Similarly, Sunu Assurances’ investors amassed 877 percent gain in 2024, beginning the year at N1.10 share price and ending at N10.75 share price. Investors walked off with millions as a result of this stock. If you were an investor and had put N10 million in early 2024, you would have taken additional N8.8 million off the market.
The once-struggling Oando Plc closed the year with 529 percent appreciation, beginning 2024 at N10.50 share price and closing at N66. Economy Post had explained factors that led to a change in fortunes for Oando Plc, including the petrol subsidy removal and Mr Bola Tinubu’s emergence as the president.

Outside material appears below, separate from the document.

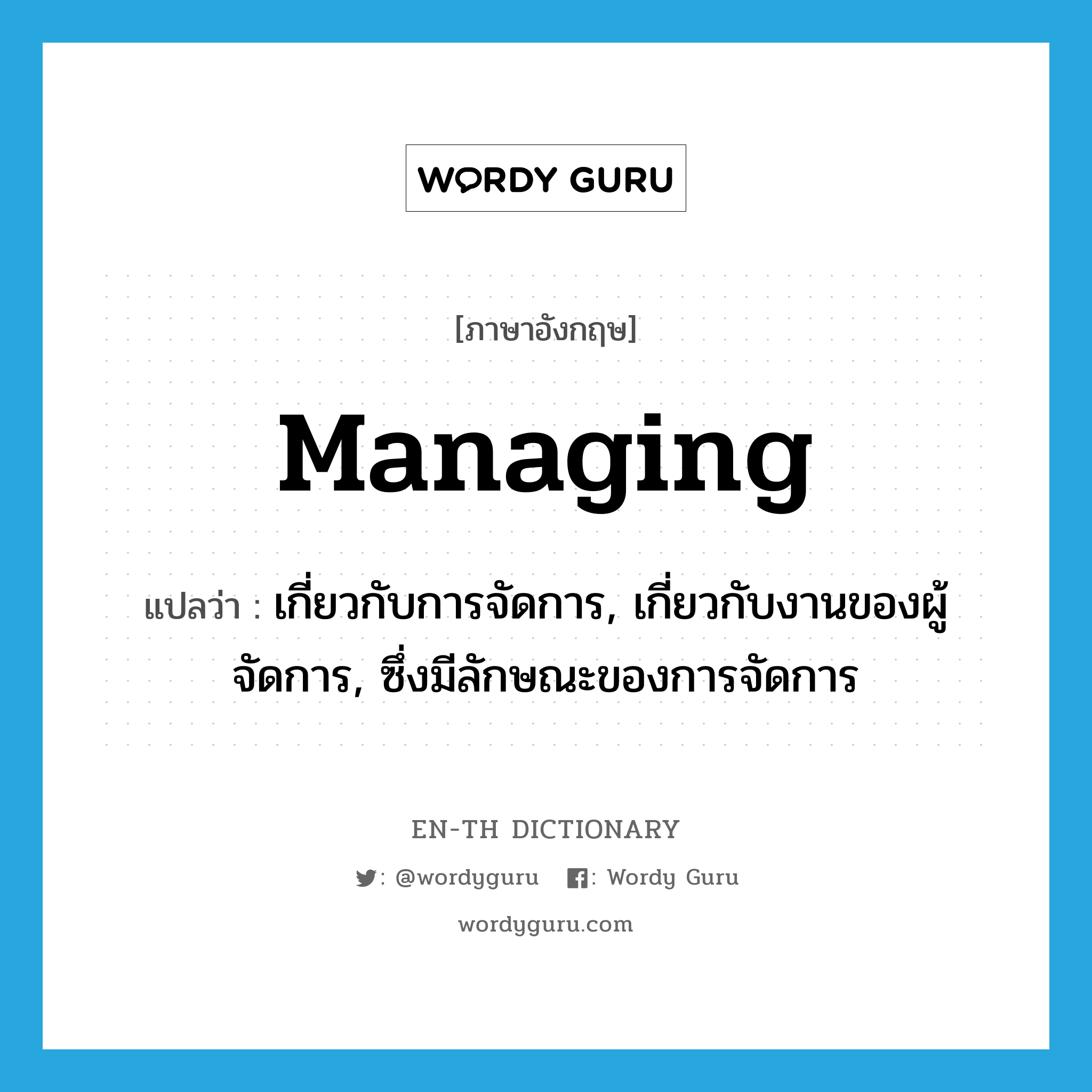 managing แปลว่า?, คำศัพท์ภาษาอังกฤษ managing แปลว่า เกี่ยวกับการจัดการ, เกี่ยวกับงานของผู้จัดการ, ซึ่งมีลักษณะของการจัดการ ประเภท ADJ หมวด ADJ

Eunisell Interlinked gained 520 percent in 2024, beginning the year at N3.20 share price and ending 2024 at N19.27. If you had invested N10 million, you would have walked off with extra N5.2 million by December 2024. Transnational Corporation (TRANSCORP) gained 402 percent, starting the year at N8.66 and ending at N43.50.
Which investment is better?
In the short term, the financial market has outperformed the real estate sector. Stocks have turned several players into millionaires and billionaires in the last two years due to their high level of appreciation.
However, the real estate is a long-term investment and can turn a pauper into a millionaire in a matter of years. Nevertheless, the proper thing to do is to diversify: Put some money into real estate and the rest into stocks and other investments. In fact, real estate can take 40 percent of your income, while stocks, mutual funds and other fixed income assets can take the rest. You may choose to invest more in stocks and less in real estate – it’s all your choice.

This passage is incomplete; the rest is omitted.